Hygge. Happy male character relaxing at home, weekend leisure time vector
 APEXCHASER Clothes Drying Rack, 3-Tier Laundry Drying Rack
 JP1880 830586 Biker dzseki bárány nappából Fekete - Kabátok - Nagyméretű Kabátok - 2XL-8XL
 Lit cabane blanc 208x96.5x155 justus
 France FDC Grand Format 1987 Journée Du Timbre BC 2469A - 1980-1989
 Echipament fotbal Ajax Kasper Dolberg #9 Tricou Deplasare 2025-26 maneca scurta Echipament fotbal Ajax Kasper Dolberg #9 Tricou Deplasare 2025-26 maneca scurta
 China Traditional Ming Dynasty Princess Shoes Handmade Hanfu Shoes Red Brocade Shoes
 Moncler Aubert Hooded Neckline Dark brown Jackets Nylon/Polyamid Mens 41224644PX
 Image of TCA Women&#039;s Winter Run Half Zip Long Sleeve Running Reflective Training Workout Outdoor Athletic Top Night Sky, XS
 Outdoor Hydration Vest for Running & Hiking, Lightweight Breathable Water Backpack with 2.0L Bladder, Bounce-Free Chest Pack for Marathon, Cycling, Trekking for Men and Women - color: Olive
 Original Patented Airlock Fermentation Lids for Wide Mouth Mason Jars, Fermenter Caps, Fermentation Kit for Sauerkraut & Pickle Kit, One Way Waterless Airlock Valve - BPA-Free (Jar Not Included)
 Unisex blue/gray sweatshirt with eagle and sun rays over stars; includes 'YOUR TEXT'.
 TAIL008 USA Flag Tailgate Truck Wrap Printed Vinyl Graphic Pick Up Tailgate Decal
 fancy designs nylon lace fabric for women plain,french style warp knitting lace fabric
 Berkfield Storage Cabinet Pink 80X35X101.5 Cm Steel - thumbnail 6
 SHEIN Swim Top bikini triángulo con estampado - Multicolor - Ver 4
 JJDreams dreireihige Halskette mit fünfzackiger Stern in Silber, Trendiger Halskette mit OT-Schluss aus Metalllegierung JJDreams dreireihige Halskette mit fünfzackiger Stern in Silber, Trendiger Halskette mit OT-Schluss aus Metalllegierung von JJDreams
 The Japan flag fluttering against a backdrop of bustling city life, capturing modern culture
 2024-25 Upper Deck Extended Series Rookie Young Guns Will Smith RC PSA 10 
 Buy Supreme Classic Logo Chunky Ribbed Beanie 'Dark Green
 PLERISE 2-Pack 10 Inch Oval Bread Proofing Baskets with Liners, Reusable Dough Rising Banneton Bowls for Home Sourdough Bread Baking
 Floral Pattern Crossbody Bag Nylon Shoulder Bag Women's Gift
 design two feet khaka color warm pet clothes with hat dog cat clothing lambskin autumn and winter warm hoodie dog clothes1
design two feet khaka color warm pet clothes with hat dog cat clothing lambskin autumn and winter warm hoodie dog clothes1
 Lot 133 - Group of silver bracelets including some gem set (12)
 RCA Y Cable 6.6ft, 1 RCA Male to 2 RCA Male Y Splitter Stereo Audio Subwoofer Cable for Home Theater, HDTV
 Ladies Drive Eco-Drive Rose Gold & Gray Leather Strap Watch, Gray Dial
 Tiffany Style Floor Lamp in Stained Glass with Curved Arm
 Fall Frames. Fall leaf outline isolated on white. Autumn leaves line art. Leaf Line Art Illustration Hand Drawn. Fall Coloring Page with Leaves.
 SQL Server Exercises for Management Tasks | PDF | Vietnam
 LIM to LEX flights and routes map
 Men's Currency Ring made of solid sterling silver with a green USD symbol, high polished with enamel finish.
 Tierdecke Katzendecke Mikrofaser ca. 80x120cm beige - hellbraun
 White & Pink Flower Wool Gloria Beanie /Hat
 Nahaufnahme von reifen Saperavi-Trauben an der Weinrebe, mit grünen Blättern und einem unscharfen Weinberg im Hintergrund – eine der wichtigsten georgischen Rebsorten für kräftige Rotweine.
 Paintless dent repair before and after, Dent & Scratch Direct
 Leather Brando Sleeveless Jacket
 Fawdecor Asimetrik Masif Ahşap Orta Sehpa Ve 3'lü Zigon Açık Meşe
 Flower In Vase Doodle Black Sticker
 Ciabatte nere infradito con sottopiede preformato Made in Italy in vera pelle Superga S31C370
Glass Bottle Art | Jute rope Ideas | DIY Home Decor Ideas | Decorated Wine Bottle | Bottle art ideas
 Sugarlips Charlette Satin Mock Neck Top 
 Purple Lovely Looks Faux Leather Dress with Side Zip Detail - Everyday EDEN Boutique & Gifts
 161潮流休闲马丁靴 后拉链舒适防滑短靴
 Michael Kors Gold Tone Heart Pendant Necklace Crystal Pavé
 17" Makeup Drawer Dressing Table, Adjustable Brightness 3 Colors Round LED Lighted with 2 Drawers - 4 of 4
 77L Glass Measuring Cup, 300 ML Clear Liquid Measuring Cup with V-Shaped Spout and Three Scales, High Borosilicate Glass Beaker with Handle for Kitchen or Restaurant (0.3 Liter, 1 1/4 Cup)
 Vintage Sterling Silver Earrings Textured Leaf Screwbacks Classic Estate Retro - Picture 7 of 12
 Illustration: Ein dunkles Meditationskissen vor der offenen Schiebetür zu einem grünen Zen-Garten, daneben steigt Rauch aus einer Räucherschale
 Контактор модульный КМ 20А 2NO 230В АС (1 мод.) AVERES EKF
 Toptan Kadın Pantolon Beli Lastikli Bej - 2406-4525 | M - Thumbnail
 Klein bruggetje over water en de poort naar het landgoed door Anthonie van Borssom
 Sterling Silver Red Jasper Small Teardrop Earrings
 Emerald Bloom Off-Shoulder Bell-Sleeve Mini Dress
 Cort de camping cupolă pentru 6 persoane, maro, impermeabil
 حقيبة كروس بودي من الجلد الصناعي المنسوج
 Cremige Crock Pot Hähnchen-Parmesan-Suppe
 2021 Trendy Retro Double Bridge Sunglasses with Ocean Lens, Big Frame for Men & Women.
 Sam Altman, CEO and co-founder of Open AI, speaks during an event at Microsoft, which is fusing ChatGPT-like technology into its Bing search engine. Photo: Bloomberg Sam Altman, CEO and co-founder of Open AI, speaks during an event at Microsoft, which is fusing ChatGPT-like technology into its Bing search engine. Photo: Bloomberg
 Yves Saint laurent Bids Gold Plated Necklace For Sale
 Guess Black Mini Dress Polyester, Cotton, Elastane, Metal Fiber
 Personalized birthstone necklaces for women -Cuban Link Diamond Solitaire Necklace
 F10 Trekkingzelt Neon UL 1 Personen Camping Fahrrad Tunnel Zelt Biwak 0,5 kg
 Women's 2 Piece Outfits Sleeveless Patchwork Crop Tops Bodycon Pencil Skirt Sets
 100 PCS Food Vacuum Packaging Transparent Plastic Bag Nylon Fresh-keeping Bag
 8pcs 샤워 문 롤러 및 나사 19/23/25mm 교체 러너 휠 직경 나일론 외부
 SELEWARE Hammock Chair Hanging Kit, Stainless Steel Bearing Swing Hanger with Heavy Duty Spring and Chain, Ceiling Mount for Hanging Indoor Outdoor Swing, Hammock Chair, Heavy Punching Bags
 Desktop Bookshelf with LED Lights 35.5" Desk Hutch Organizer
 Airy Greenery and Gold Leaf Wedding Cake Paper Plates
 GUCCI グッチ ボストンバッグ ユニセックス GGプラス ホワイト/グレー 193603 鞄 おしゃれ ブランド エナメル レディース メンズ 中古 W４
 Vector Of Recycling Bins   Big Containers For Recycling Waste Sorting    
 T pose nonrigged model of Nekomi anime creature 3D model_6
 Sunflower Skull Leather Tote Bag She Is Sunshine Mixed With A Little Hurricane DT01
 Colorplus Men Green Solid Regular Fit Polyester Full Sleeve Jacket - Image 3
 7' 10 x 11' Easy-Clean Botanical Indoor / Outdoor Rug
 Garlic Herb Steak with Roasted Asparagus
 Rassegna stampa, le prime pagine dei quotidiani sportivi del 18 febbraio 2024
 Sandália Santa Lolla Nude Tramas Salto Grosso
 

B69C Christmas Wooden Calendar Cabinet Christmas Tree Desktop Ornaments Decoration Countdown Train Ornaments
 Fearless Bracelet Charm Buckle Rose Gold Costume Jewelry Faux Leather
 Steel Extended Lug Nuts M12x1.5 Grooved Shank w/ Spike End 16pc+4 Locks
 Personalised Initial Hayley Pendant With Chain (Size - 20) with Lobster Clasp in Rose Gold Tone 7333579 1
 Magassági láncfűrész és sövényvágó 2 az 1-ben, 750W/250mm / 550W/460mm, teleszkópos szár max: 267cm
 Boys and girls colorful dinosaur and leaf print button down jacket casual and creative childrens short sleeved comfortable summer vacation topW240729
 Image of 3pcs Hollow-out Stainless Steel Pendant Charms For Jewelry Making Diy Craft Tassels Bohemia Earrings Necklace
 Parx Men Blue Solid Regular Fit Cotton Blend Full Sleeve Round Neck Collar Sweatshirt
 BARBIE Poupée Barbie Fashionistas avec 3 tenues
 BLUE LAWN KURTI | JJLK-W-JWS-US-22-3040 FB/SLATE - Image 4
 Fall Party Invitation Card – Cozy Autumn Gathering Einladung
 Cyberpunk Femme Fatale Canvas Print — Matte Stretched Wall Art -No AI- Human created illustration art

Work item: Send back an exact copy of only the lines from the line with "Steel Extended Lug" up to and including the line with "Magassági láncfűrész és" in the data above.

Answer for the task:
 Steel Extended Lug Nuts M12x1.5 Grooved Shank w/ Spike End 16pc+4 Locks
 Personalised Initial Hayley Pendant With Chain (Size - 20) with Lobster Clasp in Rose Gold Tone 7333579 1
 Magassági láncfűrész és sövényvágó 2 az 1-ben, 750W/250mm / 550W/460mm, teleszkópos szár max: 267cm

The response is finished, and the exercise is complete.